** What the exercise asks **
Return all of the data exactly as given.

** Dataset content **
[Start of section]
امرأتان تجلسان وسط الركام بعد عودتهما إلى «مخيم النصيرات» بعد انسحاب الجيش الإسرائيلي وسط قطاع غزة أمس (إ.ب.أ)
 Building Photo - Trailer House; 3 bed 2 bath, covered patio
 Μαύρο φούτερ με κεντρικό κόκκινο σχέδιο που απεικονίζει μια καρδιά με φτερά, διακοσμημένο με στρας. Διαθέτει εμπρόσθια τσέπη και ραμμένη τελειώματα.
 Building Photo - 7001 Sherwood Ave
[End of section]
** Response below **
امرأتان تجلسان وسط الركام بعد عودتهما إلى «مخيم النصيرات» بعد انسحاب الجيش الإسرائيلي وسط قطاع غزة أمس (إ.ب.أ)
 Building Photo - Trailer House; 3 bed 2 bath, covered patio
 Μαύρο φούτερ με κεντρικό κόκκινο σχέδιο που απεικονίζει μια καρδιά με φτερά, διακοσμημένο με στρας. Διαθέτει εμπρόσθια τσέπη και ραμμένη τελειώματα.
 Building Photo - 7001 Sherwood Ave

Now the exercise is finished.